INFORMATION PROVIDED
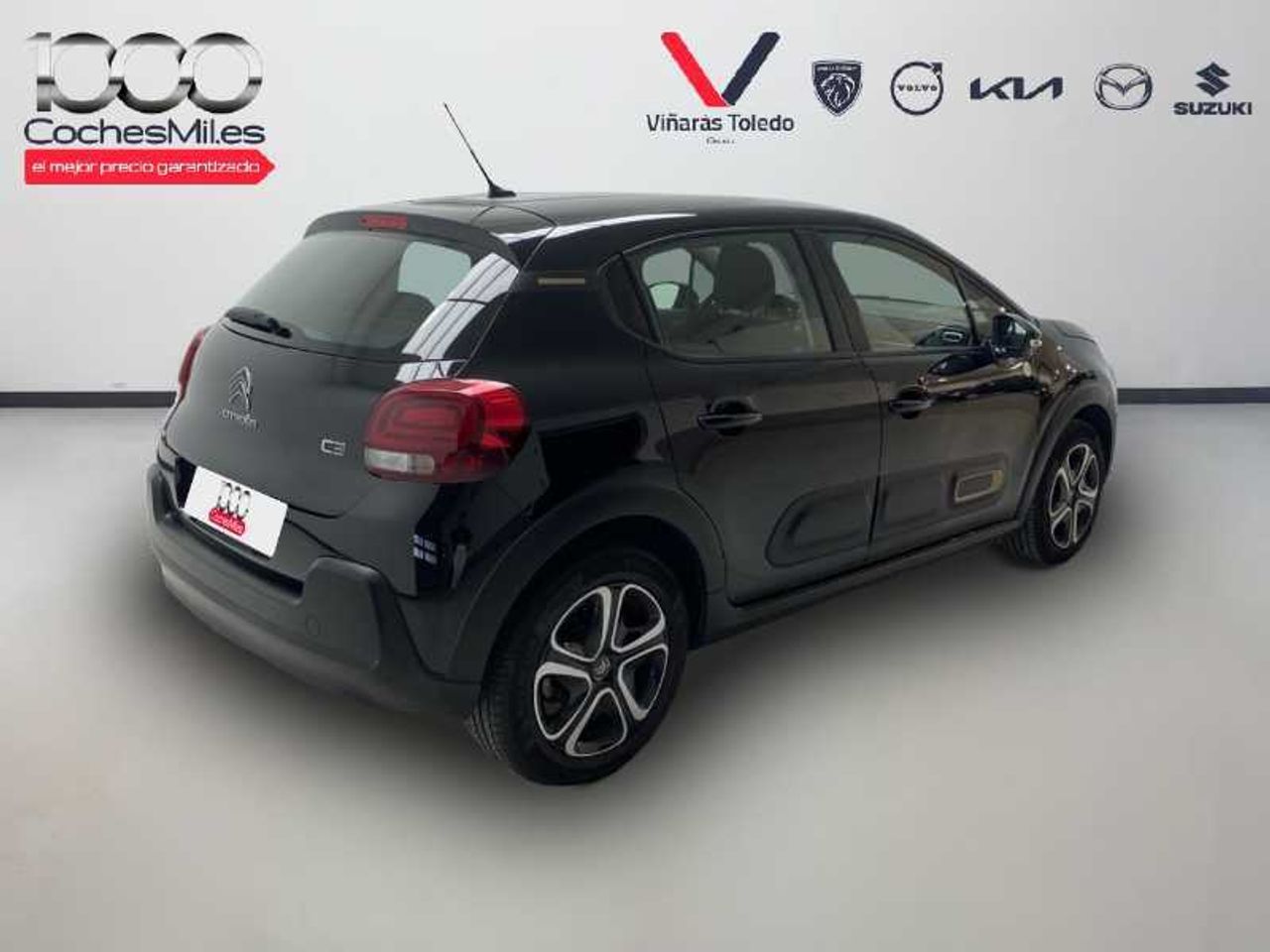 Citroën C3 Nuevo  Blue HDi 100 S&S 6v C Series 13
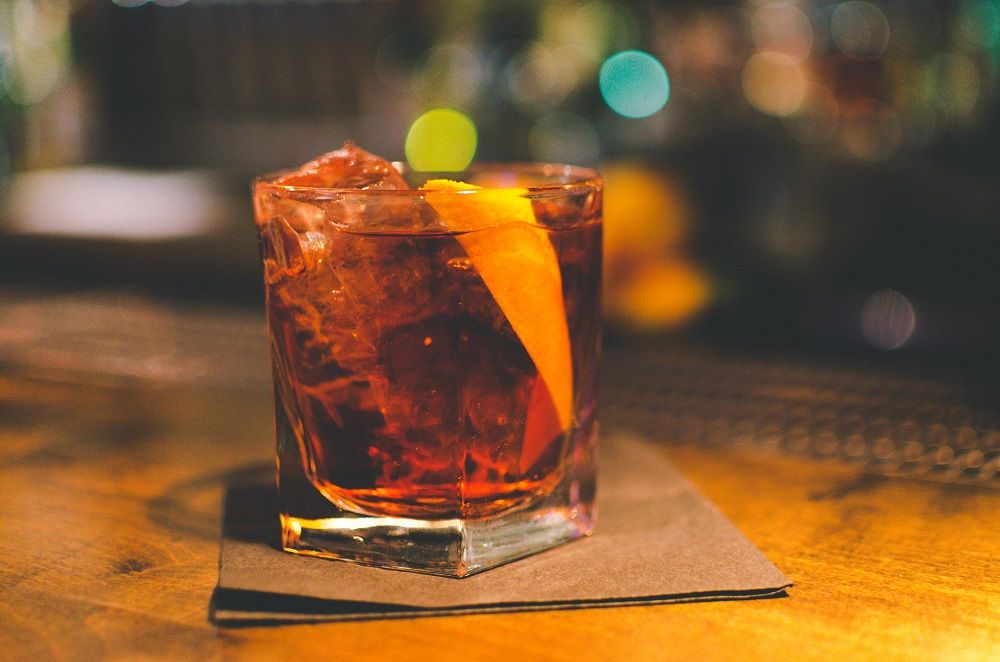 This is the simplest but the tastiest Negroni recipe yet 3 Negroni recipe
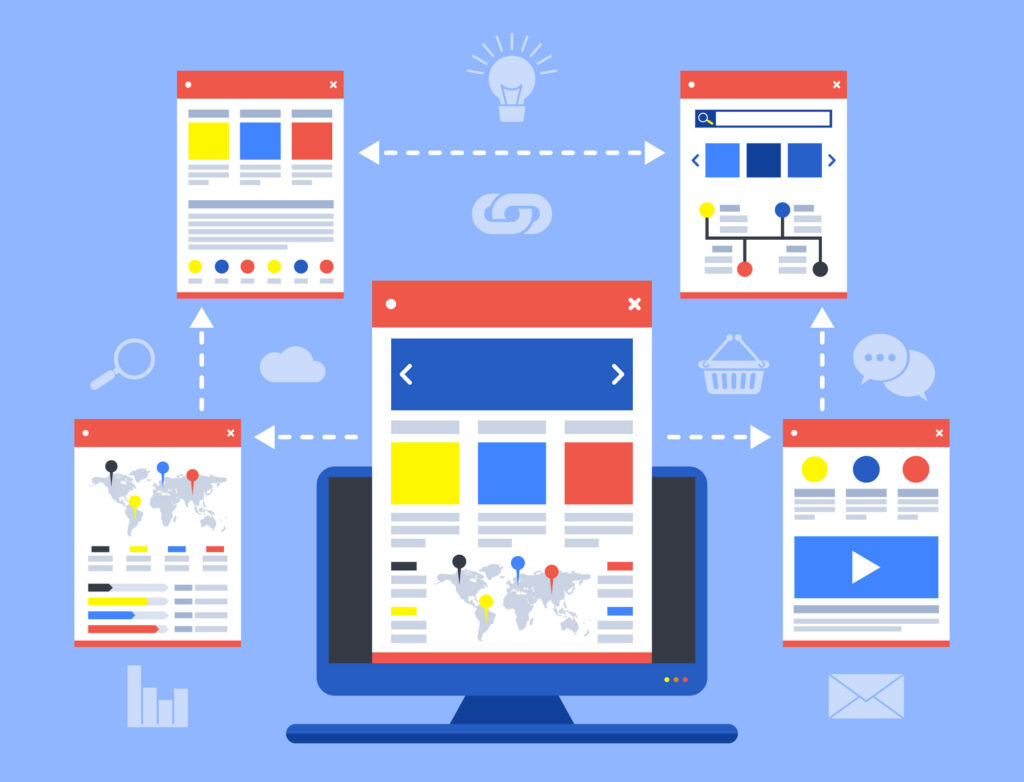 Optimize URLs and Internal Links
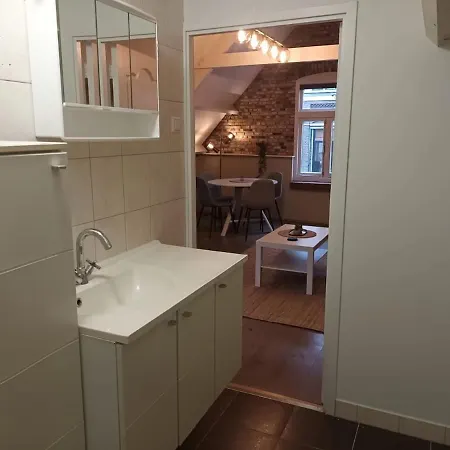 Attic In The Center Apartment *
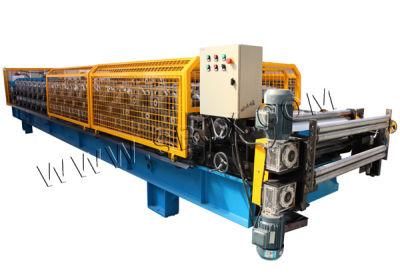 Panel and Corrugated Roll Forming Machine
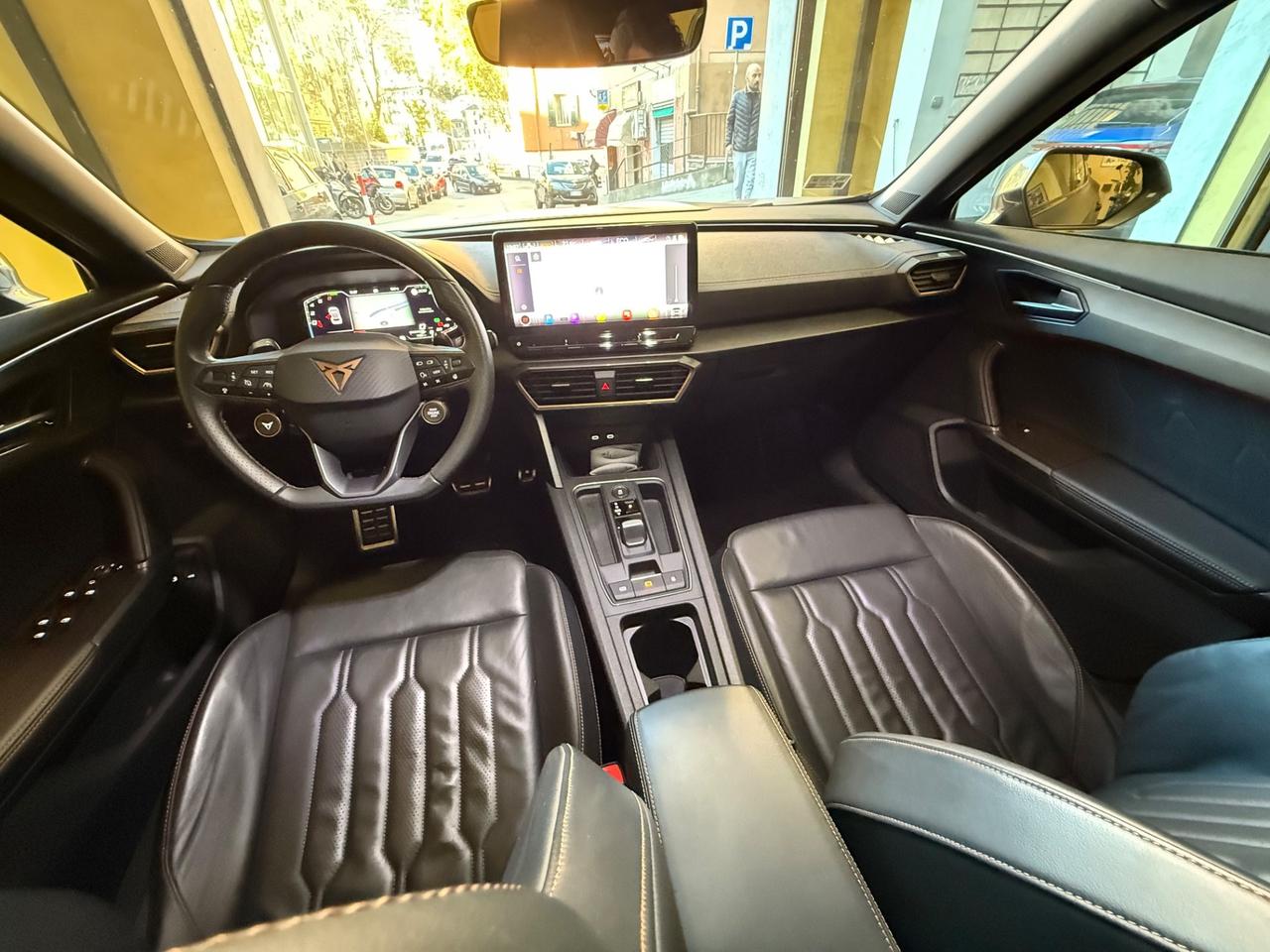 Cupra Formentor 1.4 e-Hybrid DSG VZ Priority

PROMPT
When repeating the material above, keep every line exact and drop all pictures.

OUTPUT OF THE TASK
 Citroën C3 Nuevo  Blue HDi 100 S&S 6v C Series 13
 This is the simplest but the tastiest Negroni recipe yet 3 Negroni recipe
 Optimize URLs and Internal Links
 Attic In The Center Apartment *
 Panel and Corrugated Roll Forming Machine
 Cupra Formentor 1.4 e-Hybrid DSG VZ Priority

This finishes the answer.